社会の窓

院生のときに同期だったティム。
背が195ぐらい高くって、立ってしゃべってると見上げている首が痛くなってたんだよね。 


ノースウエスタン大学(名門ですな)で修士をして、そのあと



マリファナ遣り過ぎちゃってさー、追い出されたよー」



みたいなことをサラリと笑いながら話すような人で、すんごい陽気で、心底いい人。 



ビンボーで葬儀社でバイトしているときに、棺桶から花を抜き取って花束を作って当時は彼女だった奥さんにわたしてたとか(笑)、バイクで猛烈にぶっ飛ばすのが好きで「いつか猛烈なスピードで壁にぶちあったって痛みなく一気にいきたい」なんて言ったり、この世で一番大切なのは家族だから他の州では仕事は探さないんだとか、言ってたなぁ。



どんな悪口を言っても不思議とそれがユーモア混じりに聞こえるような、そんな声を持っていて、そして大学院の中にいた誰よりも暖かい倫理観を持った人でした。



「いやー 今日の学内プレゼンさ、あの教授のうんこ野郎ったら! ⚪⚪君の発表にすっげー斜めから嫌味なことネチネチいじめてて、おりゃー、もう、頭きたのってなんのって!」 


そんな怒っているときでも、ユーモア間に溢れたひとで。




やつは数ヶ月前に自殺してしまいました。




数年前から何かかの病気で慢性の痛みを抱えていて、そのために仕事を辞めざるを得ず、傷害者保険を申請していたのですが、それが断られたとき、ずっと彼と追いかけごっこをしていた悪に追い越されちゃいました。 



いつも、彼の中に堂々と居座ってた闇のようなもんの、ほんの一歩先、ほんの一歩先だけを歩いてたティム。 



あんなに家族思いで、家族が世界の中心で、奥さんのベスをそりゃあもうこっちが恥ずかしくなるぐらいべた褒めだったのに、彼女と二人の息子を残して行っちまいました。




学術用語辞典のためにエントリーを書く話があって、その一つが彼の専門分野だったので、久しぶりにメールで話したのが今年の初め。 しばらく病気のこととか保険会社のばかやろーのこととかで研究から手が離れてたから、すっげーいい機会だって張り切ってたくせに。 



ティム、おつかれ。
あたしは君に会えてすっごく良かったよ。

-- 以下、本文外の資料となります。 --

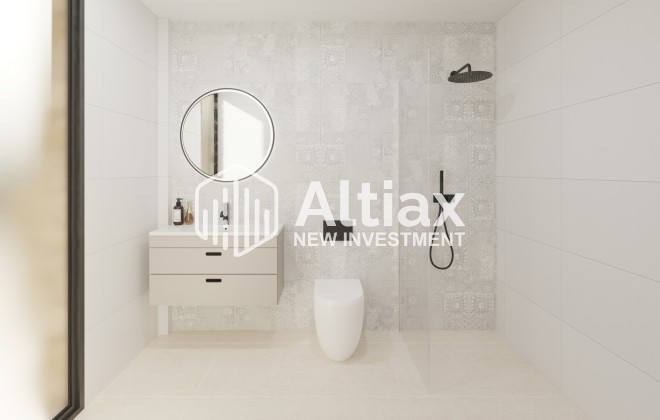 New Build - detached -
Los Montesinos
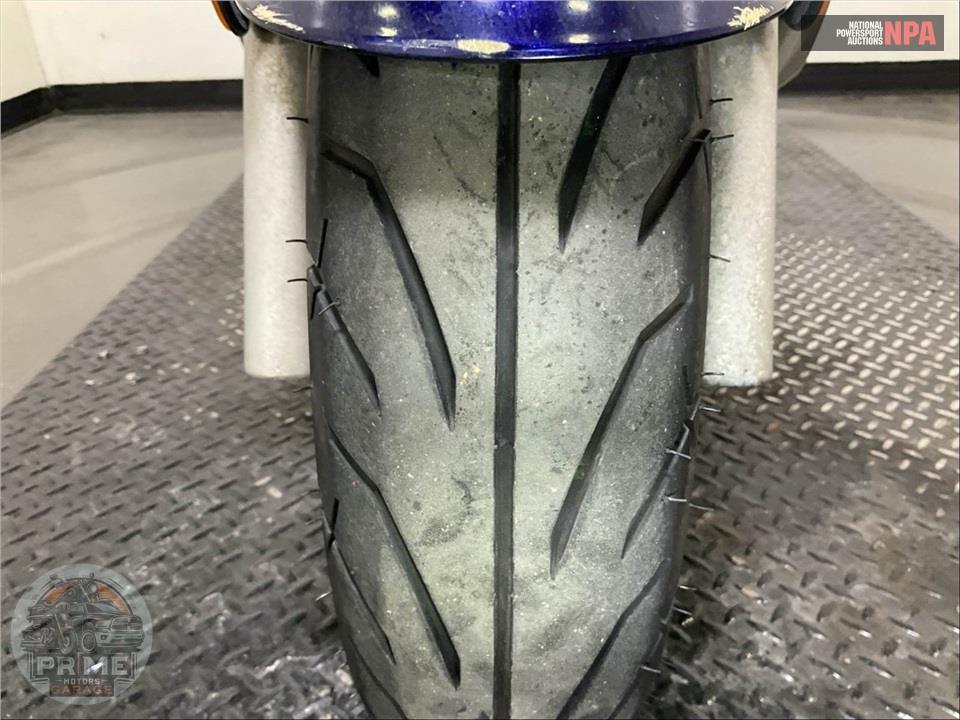 2006 Honda FSC6006 SILVER WING — фото 19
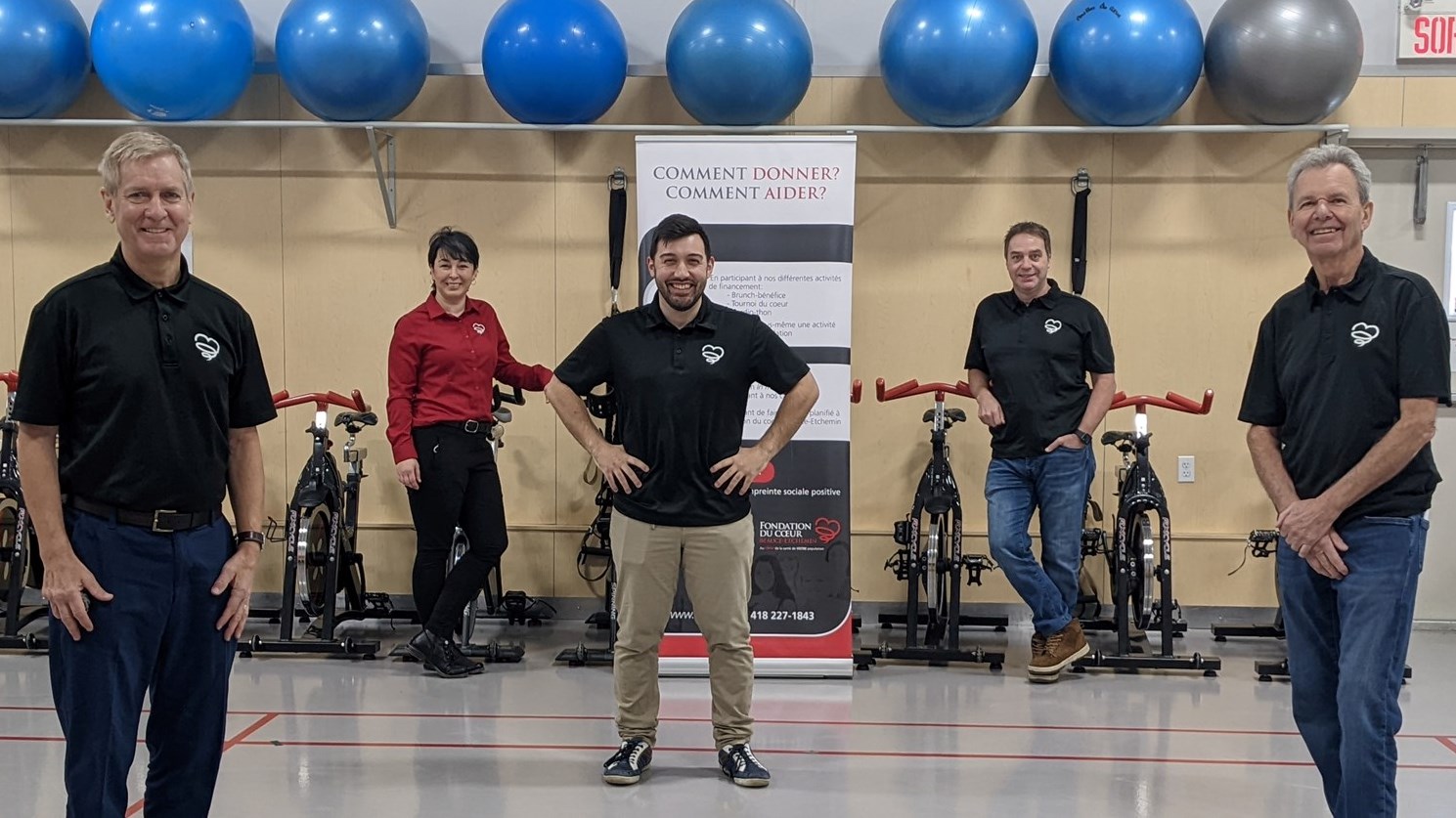 Une année de nouveautés pour le 9e Cardiothon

あたしは君の真面目なんだかおちゃらけているんだか分からない声とか、わっはっはっはーって笑う豪快さとか、ぶれない価値観とか、大好きだった。



そっか、あんたはこれから年を取らないんだ。皺も白髪も増えないんだね。


いつかあたしは君より年上になるだろうけど、あたしはこれからも君のことを見上げていくよ。 



君が大好きだったおばあちゃんとお母さんに再会して、笑っていることを祈ってる。 おつかれ。 You don’t need to beat the demon anymore.